British divorce lawyers specialising in international big-money work have noticed a marked increase in cases with a Russian dimension — partly because of England’s tax rule allows wealthy individuals to avoid paying tax on income earned overseas.
Roman Abramovich is the latest tycoon to part with his money after the collapse of his marriage. The billions at stake put his case in a different league from the marital disputes now before the courts in Britain. Yet the divorce of Chelsea FC’s owner could be part of a growing trend.
Abramovich is one of an increasing number of Russian oligarchs based in London for at least part of the year. Divorce lawyers specialising in international big-money work have noticed a marked increase in cases with a Russian dimension — partly because of England’s unique nondomiciled tax rule that allows wealthy individuals to avoid paying tax on income earned overseas.
There is also what is called the Yukos effect: only three years ago, Russia’s richest man then, Mikhail Khodorkovsky, was jailed while Yukos, his oil company, was dismantled and sold off. This has prompted a diaspora of wealthy oligarchs to seek a secure base outside Russia.

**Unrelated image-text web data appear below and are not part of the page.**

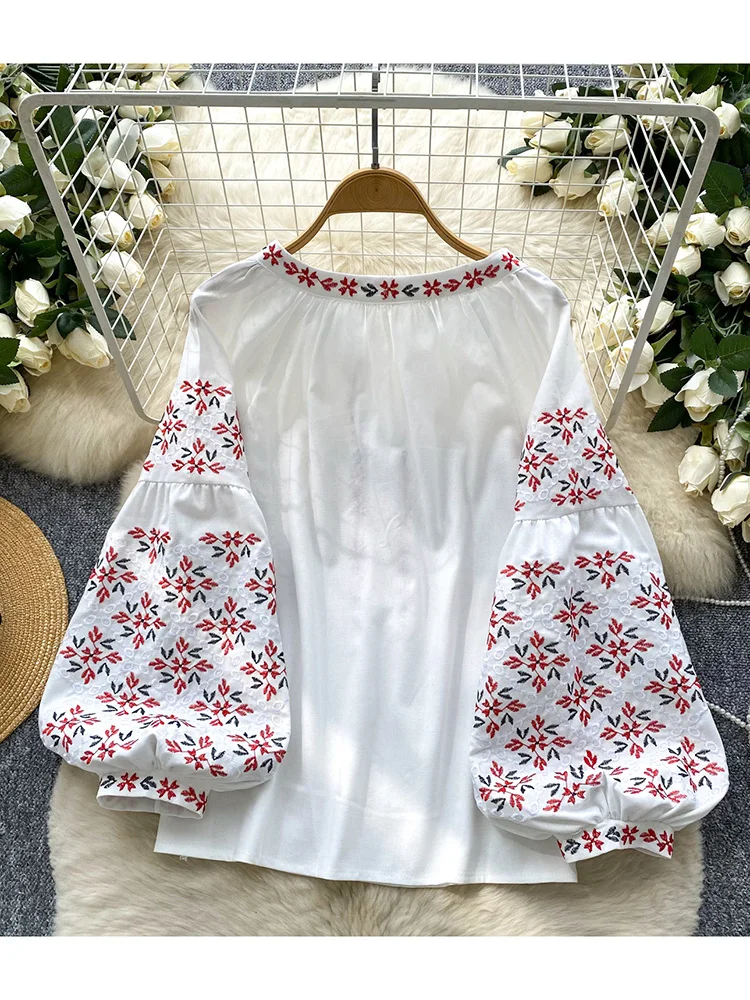 Women's Spring Blouse Retro Ethnic Style New Chinese Lantern Sleeve Shirt Loose Thin Tassel Embroidery Design Blusa Top BL187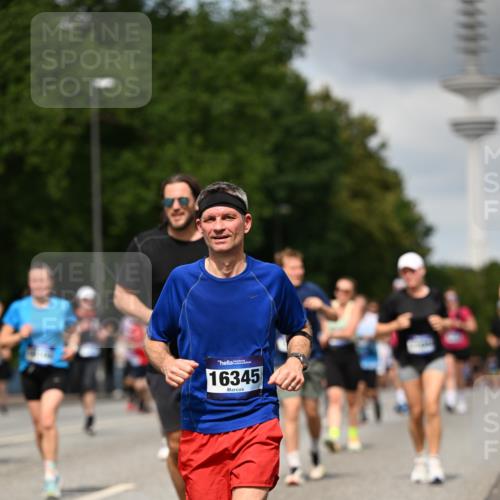 29.06.2025 - hella hamburg halbmarathon Dr. Thomas Lammeyer http://msf.ph/oto/8507858 29.06.2025 10:28:58 Kennedybrücke 1389, 1395, 2477, 2944, 3421, 3786, 4162, 4221, 4719, 5039, 5358, 5954, 6524, 6526, 7426, 7528, 7920, 7975, 8167, 8187, 8502, 8918, 8920, 9063, 10907, 11044, 11306, 11347 meine-sportfotos.de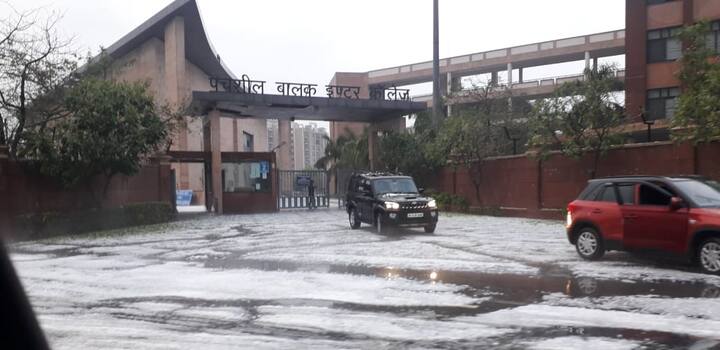 आज दिल्ली एनसीआर में तापमान 9 डिग्री सेल्सियस दर्ज हुआ है. अधिकतम 19 डिग्री सेल्सियस. कल तापमान 15 डिग्री सेल्सियस था. अधिकतम 25.1 था. यानि कि 6 डिग्री सेल्सियस की गिरावट एक दिन में दर्ज की गई है. 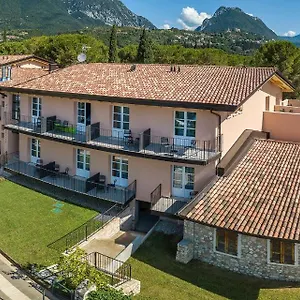 Regina Del Garda 4*, Toscolano Maderno Włochy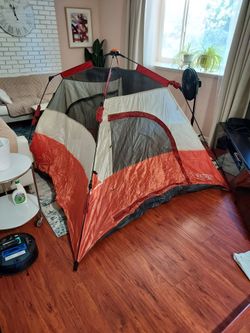 7' x 7' Camping Tent 🎪⛺ 
Sleeping Capacity 3
Excellent Condition 
One Time Used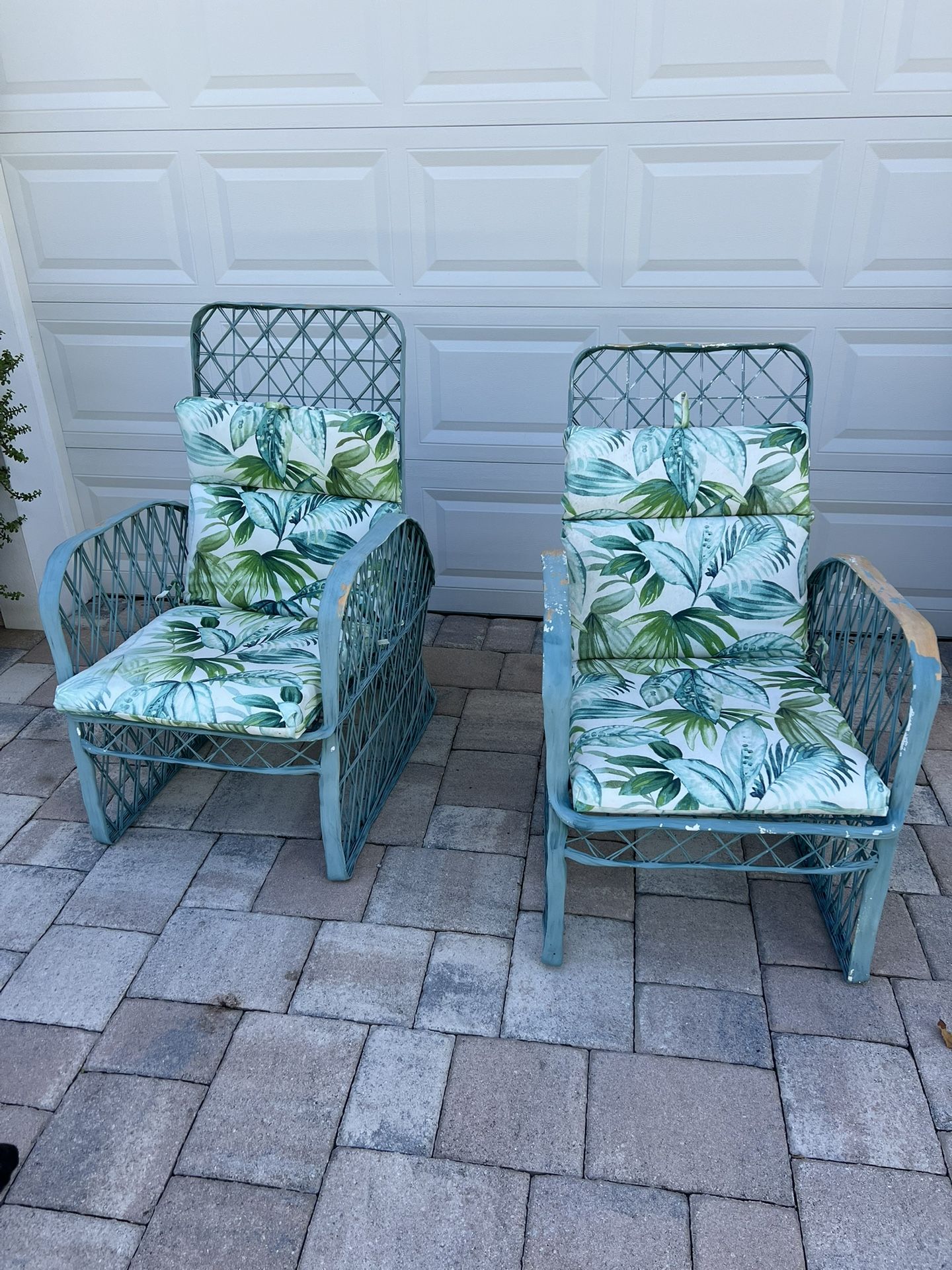PAIR VINTAGE RUSSELL WOODARD SPUN FIBERGLASS CHAISE ACCENT CHAIRS W/CUSHIONS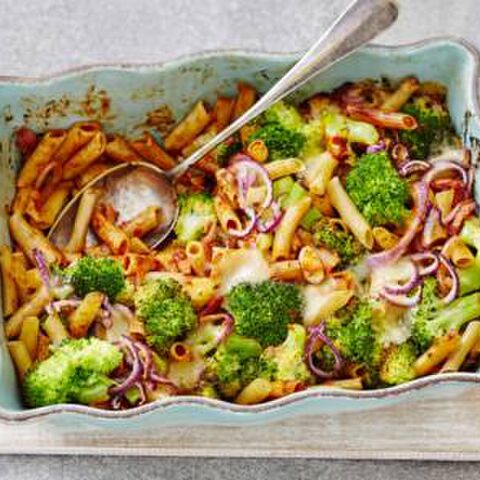 Illustratie bij: Gezond en snel. Pasta uit de oven met spekreepjes en broccoli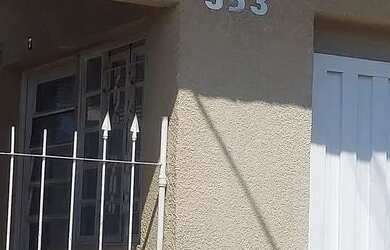 Imagem: A casa possui 1 Dormitório, 1 Banheiro, 35m² de Área e está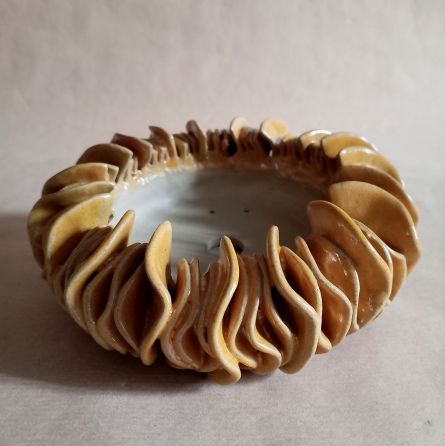 Vaso bonsai a forma di anemone marino, smalto giallo, in gres, pezzo unico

The rush to London has also been fuelled by the success of Russia’s economy. Moscow alone is home to more than 30 billionaires — more than any other city in the world — and about a third of Russia’s millionaires.

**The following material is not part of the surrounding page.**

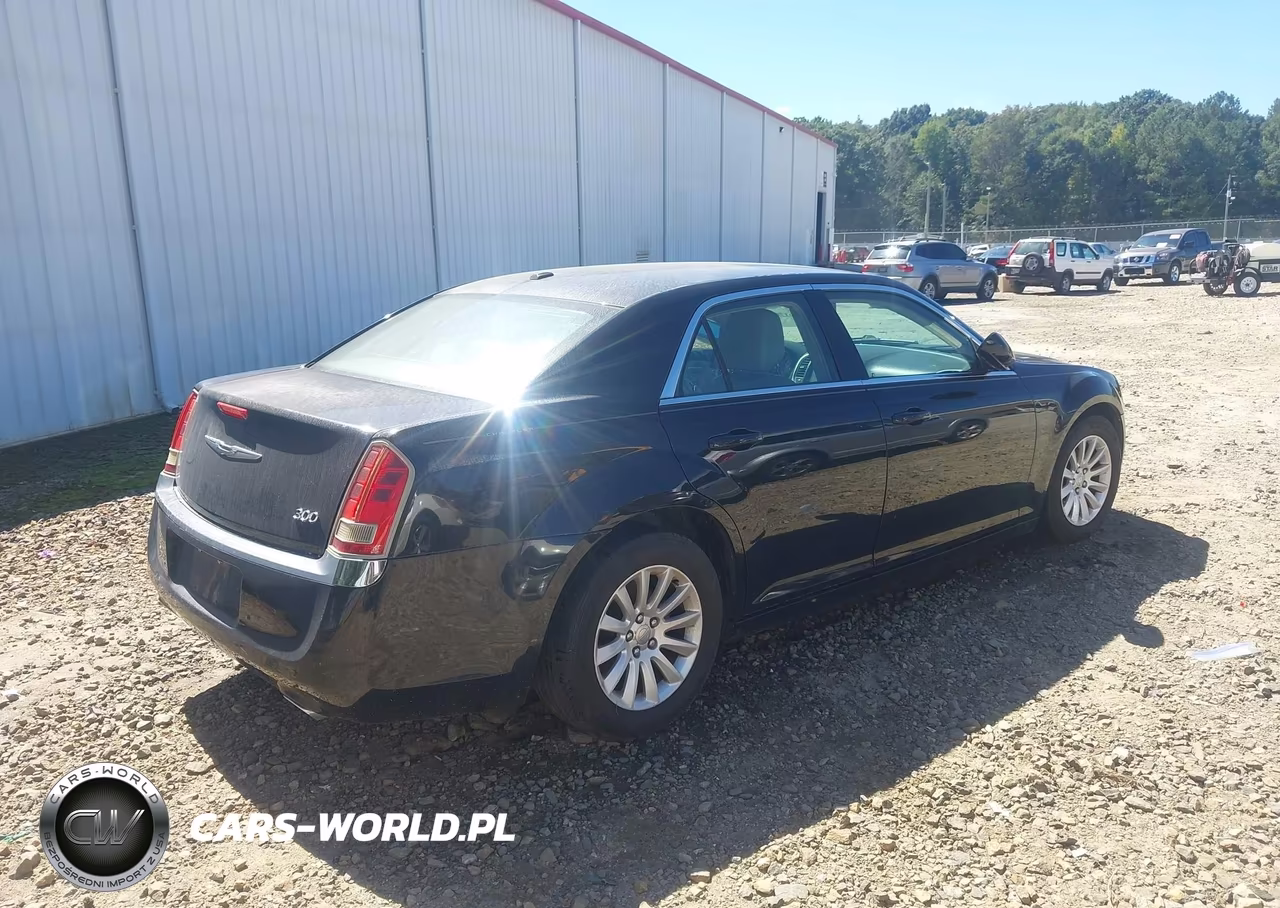2013 Chrysler 300 Motown VIN:2C3CCAAG3DH612091 - 4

From an oligarch’s perspective, a move to England can be expensive, as the generous tax system is matched by a divorce jurisdiction that is arguably the most generous in the world for wives. England is the jurisdiction of choice for forum-shopping wives who can be confident that the courts, in an effort to achieve fairness, will recognise their nonfinancial contributions. Awards in big-money cases can generally not be bettered in Russia, or elsewhere.